Weathered in the coaching ranks through seven seasons at Memphis but still just a spry 39 years of age, Pastner is no stranger to pressure-cooker environments at major basketball schools. It was in 2009 that the former Arizona walk-on, with no head coaching experience to his credit, was called on to replace John Calipari after his former boss picked up and left for Lexington to become the savior at the University of Kentucky. What followed was five postseason appearances and 167 wins on Beale Street to maintain the longtime status quo of success that has since followed him to the home of Coca-Cola, the Braves, and a sleeping giant of sorts in the ACC.
"This is important for our program," he said of this season's NIT run. "This is a major rebuild job. We couldn't give any opportunity to continue to get better and work and improve. The continuation of their development is a big plus for us."

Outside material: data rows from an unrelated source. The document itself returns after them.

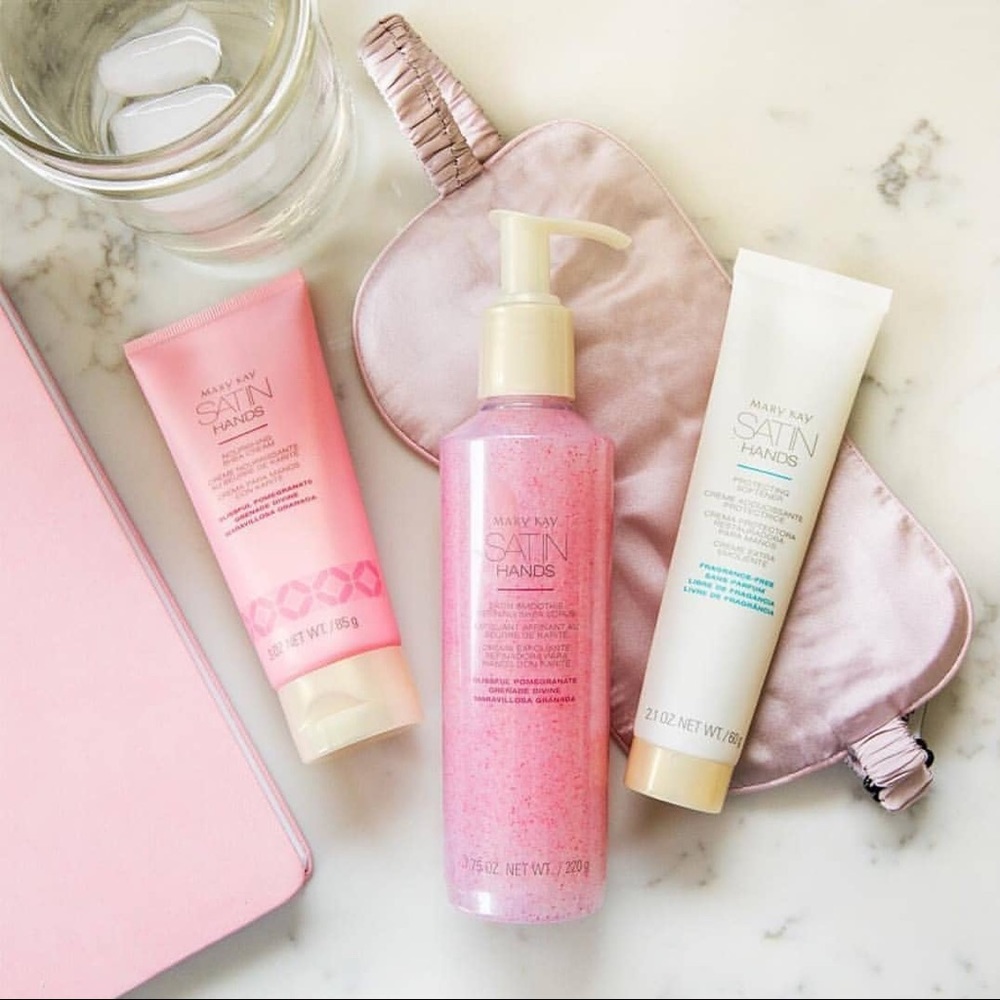 SATIN HANDS SET (pomegranate & white tea citrus)
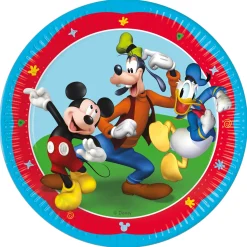 Card Factory Mickey Rock The House Party Tableware & Decorations Bundle - 16 Guests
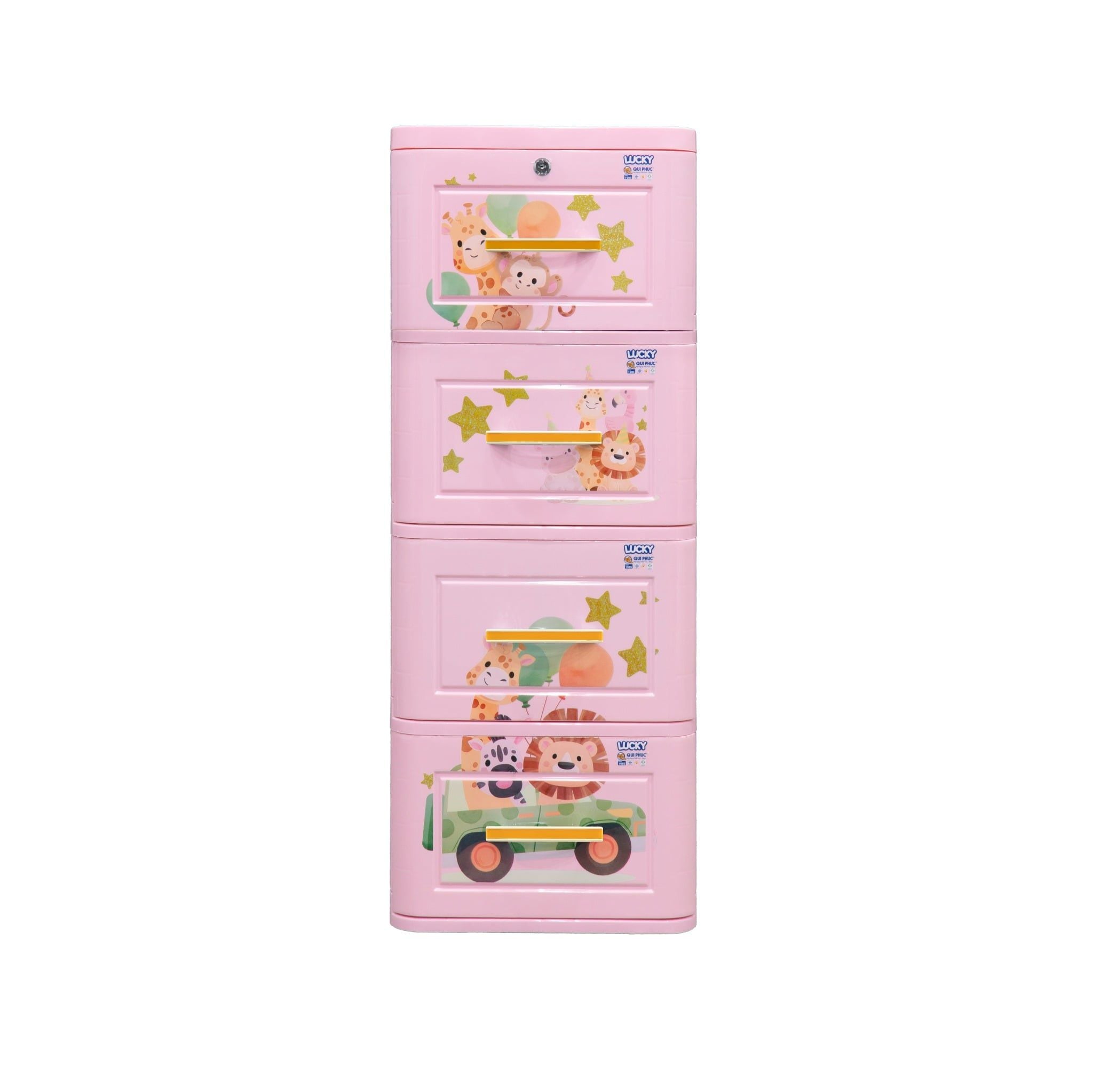  Tủ nhựa LUCKY 4 tầng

Pastner is no stranger to recruiting top talent and cultivating it, starting with the scores of NBA professionals he helped turn out under Lute Olson at Arizona, to the likes of Tyreke Evans and Will Barton; among others, at Memphis. This season, he appears to have found a gem in freshman Josh Okogie, whose buzzer-beating layup upset then-14th-ranked Notre Dame in January, and turned 6-foot-10 junior Ben Lammers into a burgeoning big man who averages close to a double-double every game. Next year, the Yellow Jackets return the bulk of this year's rotation while welcoming a talented guard in New York's Jose Alvarado, currently of Christ the King High School in Middle Village. Until then, he and his program bask in an opportunity that even the most ambitious of dreamers could not have foreseen happening so quickly.
"I've said it many times, it's a modern miracle," said Pastner of how far the Yellow Jackets have come. "I can remember like yesterday watching our first workouts. If you told me (then) we're playing on Thursday for the NIT championship, I would say you're crazy. I remember at spring meetings, multiple coaches from the league just said, 'It's going to be a hard year for you. You're never going to experience the amount of losing that you're going to go through this year.'"
"It's been a heck of a season. Yes, of course you've got to have good players, but then they've got to be as a team, and when we're in areas where we're playing teams that have better talent than we do, some of our wins have come because that night, we were the better team. It's been a remarkable journey, and a great lesson for me to see it all unfold."